Pr Laurent Guilleminault :
Dans la littérature une toux est définie comme chronique lorsque sa durée est supérieure à huit semaines. Chez certains patients, elle peut évoluer depuis de nombreuses années, cinq, dix ans, voire plus. Cette durée permet ainsi de la distinguer de la toux aiguë post-virale qui, elle, se résout dans les trois semaines qui suivent l’infection.

 

Sur quels critères évaluer son caractère invalidant ou ses signes de gravité ?

Cette toux est très handicapante pour les patients, et elle a un retentissement psychosocial majeur. Pour évaluer son degré de sévérité ou de handicap, on utilise l’échelle visuelle analogique (EVA) comme celle utilisée dans la douleur chronique —selon une gradation allant de 0 à 10. Il existe d’autres questionnaires plus complexes mais c’est l’EVA

qui est l’outil le plus employé dans la pratique. Quant aux signes de gravité, ils sont déterminés par l’existence de symptômes en faveur d’une maladie grave associée à la toux comme un cancer du poumon.

 

Quelles sont les principales étiologies ?

Les étiologies les plus fréquentes sont l’asthme, les atteintes rhinosinusiennes, le reflux gastro-œsophagien (RGO), la prise de médicaments tussigènes comme les inhibiteurs de l’enzyme de conversion/IEC et les gliptines.

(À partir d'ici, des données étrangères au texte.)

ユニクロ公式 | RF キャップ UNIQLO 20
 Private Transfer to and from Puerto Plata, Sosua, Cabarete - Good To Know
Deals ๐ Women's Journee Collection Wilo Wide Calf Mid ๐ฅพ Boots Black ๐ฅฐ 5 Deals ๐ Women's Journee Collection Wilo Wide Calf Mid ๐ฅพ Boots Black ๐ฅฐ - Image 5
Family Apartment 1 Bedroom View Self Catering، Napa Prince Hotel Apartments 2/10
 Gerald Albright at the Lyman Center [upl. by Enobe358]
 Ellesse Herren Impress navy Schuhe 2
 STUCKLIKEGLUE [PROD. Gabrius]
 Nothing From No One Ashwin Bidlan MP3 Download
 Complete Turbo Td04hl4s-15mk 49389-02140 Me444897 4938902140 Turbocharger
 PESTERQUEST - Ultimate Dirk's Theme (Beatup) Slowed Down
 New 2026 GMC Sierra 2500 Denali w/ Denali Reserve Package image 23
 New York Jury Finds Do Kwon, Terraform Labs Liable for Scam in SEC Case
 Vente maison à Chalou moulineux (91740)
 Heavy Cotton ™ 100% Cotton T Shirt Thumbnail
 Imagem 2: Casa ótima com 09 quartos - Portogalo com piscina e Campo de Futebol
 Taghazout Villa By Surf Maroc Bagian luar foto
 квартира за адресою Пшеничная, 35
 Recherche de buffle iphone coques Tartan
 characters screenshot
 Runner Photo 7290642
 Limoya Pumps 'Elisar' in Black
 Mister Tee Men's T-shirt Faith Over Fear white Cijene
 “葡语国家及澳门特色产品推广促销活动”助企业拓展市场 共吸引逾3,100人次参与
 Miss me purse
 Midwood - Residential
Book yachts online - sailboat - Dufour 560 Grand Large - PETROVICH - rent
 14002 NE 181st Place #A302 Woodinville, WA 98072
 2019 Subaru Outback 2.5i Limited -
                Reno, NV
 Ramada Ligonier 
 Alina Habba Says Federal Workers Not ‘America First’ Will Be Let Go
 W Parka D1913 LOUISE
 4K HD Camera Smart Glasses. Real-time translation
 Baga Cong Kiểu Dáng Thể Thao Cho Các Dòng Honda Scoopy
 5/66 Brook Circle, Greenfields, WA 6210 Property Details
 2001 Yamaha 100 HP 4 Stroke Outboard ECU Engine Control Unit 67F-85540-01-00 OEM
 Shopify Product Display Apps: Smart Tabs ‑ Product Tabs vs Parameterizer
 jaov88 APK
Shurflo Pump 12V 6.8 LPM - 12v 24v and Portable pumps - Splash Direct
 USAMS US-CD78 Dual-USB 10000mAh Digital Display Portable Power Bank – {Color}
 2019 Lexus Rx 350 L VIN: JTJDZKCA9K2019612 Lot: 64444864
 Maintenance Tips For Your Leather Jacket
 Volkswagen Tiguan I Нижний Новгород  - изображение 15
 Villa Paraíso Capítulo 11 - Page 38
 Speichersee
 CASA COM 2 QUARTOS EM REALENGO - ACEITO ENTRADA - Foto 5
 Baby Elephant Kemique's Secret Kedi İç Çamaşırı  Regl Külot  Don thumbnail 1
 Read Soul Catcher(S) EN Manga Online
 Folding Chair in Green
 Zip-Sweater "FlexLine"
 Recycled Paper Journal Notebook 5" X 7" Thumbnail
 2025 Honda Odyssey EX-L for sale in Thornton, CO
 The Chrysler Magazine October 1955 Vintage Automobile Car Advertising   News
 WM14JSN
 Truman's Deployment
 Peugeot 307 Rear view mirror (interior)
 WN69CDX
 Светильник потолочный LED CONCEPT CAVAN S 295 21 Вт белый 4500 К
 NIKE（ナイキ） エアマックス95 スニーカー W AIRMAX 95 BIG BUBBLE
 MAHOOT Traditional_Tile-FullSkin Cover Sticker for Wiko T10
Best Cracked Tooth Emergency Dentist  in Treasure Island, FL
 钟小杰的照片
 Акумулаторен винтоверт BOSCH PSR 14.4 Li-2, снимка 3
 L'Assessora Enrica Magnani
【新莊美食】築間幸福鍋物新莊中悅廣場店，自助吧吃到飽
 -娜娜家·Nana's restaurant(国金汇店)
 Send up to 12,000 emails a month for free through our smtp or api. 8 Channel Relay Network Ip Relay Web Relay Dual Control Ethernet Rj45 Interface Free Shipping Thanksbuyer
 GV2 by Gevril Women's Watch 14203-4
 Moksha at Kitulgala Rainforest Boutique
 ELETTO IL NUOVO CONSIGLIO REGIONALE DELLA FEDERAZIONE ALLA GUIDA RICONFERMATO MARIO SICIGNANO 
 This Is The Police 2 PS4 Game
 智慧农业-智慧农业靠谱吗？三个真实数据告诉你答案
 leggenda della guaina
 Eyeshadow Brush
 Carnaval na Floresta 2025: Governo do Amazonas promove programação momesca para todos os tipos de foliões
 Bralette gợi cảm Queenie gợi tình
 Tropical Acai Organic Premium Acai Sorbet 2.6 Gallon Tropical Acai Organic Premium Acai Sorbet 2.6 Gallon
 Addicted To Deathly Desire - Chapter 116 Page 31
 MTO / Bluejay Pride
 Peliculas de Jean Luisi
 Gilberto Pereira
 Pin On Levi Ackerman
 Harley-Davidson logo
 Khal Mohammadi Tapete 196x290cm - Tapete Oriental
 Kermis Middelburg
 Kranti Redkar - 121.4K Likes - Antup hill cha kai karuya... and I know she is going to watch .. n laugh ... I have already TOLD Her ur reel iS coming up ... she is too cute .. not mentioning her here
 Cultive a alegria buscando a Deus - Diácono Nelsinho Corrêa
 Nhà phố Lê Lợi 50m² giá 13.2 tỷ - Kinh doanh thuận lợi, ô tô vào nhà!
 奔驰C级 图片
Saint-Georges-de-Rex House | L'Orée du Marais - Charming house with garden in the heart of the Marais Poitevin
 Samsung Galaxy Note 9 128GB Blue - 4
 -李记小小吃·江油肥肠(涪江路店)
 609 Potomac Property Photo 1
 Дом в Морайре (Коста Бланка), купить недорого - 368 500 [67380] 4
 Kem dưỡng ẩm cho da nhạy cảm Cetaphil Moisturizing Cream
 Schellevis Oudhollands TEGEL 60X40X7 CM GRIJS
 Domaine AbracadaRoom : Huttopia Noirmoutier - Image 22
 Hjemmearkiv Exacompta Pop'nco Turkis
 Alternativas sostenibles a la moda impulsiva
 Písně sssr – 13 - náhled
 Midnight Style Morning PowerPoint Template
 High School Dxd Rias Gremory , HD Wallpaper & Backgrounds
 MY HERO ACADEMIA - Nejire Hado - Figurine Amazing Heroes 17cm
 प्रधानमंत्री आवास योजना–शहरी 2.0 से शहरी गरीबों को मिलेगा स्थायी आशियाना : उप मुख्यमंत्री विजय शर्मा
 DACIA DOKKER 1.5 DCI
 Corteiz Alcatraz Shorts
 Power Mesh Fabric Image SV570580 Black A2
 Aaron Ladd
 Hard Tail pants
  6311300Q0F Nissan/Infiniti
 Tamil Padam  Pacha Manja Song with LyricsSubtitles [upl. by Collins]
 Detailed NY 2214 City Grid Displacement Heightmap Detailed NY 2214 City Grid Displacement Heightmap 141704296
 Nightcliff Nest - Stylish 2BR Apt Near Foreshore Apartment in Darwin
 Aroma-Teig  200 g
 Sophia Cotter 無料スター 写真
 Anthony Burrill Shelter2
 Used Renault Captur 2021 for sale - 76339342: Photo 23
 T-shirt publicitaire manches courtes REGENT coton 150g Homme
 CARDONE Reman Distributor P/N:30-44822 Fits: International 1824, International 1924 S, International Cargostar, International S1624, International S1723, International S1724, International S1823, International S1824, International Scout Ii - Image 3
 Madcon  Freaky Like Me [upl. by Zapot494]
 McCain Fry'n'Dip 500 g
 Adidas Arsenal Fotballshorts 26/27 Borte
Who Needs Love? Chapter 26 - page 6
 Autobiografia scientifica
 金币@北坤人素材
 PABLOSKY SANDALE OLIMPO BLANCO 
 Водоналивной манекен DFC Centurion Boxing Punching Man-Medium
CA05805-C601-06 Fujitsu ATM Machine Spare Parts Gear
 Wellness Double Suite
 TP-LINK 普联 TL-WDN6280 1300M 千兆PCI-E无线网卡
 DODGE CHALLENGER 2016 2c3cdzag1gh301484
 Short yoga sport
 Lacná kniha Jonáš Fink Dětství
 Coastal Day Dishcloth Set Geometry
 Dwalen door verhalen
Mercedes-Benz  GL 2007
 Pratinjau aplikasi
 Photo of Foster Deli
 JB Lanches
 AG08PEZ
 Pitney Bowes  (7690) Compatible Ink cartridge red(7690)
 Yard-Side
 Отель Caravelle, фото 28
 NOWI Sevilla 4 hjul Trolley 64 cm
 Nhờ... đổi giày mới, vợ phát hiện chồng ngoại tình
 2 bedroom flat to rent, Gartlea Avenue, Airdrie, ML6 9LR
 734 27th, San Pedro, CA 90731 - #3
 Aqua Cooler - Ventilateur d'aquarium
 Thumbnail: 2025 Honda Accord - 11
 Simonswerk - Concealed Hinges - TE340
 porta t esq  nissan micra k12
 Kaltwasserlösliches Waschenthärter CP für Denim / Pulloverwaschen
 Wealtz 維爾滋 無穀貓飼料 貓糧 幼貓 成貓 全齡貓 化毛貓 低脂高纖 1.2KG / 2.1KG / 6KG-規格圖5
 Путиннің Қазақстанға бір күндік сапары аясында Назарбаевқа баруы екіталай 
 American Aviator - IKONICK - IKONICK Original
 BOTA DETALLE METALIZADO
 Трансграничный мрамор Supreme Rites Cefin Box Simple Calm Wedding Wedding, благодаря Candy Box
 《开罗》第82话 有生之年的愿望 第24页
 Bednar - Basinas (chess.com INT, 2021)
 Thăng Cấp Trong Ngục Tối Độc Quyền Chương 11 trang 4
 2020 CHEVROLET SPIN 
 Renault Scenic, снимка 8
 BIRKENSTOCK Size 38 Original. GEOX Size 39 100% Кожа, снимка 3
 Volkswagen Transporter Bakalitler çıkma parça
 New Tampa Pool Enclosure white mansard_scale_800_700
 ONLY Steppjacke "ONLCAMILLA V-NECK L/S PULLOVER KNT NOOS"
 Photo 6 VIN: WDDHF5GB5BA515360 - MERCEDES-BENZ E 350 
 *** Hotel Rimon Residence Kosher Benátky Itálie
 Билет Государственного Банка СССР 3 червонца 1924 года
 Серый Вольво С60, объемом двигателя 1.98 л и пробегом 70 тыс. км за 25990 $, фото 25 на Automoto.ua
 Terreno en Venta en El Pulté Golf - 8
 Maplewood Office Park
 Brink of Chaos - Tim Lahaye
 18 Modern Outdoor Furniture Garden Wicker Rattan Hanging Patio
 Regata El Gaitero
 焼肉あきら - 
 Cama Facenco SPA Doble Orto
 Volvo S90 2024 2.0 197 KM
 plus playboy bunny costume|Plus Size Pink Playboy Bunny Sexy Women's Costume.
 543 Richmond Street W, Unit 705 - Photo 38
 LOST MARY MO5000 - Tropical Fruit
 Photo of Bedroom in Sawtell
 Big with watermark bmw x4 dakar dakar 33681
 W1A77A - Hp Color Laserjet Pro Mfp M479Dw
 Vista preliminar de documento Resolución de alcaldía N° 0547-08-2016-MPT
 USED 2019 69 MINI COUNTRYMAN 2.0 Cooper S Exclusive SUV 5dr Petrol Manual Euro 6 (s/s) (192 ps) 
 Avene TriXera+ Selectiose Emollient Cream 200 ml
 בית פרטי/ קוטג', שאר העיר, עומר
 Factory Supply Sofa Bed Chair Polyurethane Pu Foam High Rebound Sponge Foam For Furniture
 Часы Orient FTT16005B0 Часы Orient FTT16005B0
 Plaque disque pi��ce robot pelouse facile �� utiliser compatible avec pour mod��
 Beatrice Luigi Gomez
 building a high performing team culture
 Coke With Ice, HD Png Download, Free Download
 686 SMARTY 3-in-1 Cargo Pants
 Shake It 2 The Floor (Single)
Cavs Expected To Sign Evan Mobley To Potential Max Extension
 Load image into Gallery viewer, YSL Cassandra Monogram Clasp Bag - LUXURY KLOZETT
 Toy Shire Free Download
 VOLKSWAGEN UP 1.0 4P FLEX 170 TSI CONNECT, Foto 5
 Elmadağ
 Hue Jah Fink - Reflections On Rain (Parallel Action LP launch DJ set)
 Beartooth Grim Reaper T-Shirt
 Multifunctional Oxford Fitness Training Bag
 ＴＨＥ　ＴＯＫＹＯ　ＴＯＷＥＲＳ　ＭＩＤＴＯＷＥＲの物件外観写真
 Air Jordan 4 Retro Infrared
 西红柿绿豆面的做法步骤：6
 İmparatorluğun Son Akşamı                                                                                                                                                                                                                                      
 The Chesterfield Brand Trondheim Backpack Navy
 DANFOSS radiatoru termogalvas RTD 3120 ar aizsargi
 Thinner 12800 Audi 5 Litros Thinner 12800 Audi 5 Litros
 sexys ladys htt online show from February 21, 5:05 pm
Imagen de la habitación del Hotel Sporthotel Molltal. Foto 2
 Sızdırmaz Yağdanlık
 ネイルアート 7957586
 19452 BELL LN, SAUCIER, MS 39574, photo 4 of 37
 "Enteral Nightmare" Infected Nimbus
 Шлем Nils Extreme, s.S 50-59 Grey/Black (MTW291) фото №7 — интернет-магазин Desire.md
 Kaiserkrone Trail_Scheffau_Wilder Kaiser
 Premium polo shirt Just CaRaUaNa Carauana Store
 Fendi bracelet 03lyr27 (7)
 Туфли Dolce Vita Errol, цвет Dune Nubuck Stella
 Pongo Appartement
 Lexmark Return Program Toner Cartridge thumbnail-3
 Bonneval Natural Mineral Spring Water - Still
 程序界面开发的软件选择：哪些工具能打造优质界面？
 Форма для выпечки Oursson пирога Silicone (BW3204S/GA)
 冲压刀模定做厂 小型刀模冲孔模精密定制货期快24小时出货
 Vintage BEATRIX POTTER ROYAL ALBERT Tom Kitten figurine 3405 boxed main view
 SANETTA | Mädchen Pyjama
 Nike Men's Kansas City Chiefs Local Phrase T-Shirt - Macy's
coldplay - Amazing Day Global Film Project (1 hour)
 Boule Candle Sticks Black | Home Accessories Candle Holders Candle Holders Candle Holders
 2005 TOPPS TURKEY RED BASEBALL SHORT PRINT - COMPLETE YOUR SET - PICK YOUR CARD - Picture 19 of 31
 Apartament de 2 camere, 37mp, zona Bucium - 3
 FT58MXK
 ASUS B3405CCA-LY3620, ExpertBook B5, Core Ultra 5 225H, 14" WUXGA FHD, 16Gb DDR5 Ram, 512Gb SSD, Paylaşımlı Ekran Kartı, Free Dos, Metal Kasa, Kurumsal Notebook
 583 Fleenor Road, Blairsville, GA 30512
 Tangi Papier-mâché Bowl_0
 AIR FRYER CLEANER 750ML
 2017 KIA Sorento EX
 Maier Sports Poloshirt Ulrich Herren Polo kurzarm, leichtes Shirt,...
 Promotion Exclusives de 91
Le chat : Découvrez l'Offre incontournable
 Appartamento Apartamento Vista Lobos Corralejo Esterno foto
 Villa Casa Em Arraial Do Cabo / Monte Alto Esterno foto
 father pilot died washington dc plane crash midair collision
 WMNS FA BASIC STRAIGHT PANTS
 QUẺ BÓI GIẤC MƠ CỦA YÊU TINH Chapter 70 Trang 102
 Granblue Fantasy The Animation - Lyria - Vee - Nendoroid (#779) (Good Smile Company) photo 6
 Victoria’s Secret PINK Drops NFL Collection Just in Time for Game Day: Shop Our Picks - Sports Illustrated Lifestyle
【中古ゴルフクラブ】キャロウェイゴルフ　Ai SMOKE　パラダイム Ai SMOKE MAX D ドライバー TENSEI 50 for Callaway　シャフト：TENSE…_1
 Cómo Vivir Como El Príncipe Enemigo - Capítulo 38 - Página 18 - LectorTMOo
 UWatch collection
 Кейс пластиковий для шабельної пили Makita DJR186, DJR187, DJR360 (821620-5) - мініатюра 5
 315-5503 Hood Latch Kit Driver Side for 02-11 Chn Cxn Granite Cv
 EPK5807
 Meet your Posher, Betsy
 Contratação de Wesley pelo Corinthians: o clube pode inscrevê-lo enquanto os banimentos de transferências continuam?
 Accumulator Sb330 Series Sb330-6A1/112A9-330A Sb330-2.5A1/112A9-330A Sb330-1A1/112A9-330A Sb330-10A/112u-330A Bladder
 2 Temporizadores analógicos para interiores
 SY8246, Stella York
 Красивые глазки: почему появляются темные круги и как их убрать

La toux chronique peut aussi avoir pour origine une maladie pulmonaire interstitielle, un cancer du poumon, une atteinte ORL, notamment du larynx, ou une autre cause plus rare.

 

Des examens complémentaires sont-ils nécessaires ?

Deux investigations simples peuvent être demandées en première intention par le médecin généraliste : la radiographie thoracique, qui est l’examen de base, et la spirométrie. Des explorations complémentaires seront pratiquées si aucune cause fréquente n’est retrouvée ou si la toux persiste malgré le traitement. Les examens seront adaptés en fonction des symptômes présentés par le patient : scanner des poumons ou des sinus, bilan ORL, examen du larynx, pHmétrie œsophagienne...

 

Quelle stratégie de prise en charge pour le médecin généraliste ?

Chez l’adulte tabagique chronique, la toux est un symptôme fréquent mais aussi une circonstance de découverte d’un cancer bronchique. En cas de détection de signes évocateurs, un scanner du poumon doit être pratiqué. En dehors de ce contexte, la première étape en présence d’une toux chronique est de rechercher les causes fréquentes —asthme, RGO, médicaments, atteinte rhinosinusienne—, puis, lorsqu’une cause est trouvée, de la traiter.

 

Dans quels cas adresser le patient au spécialiste ?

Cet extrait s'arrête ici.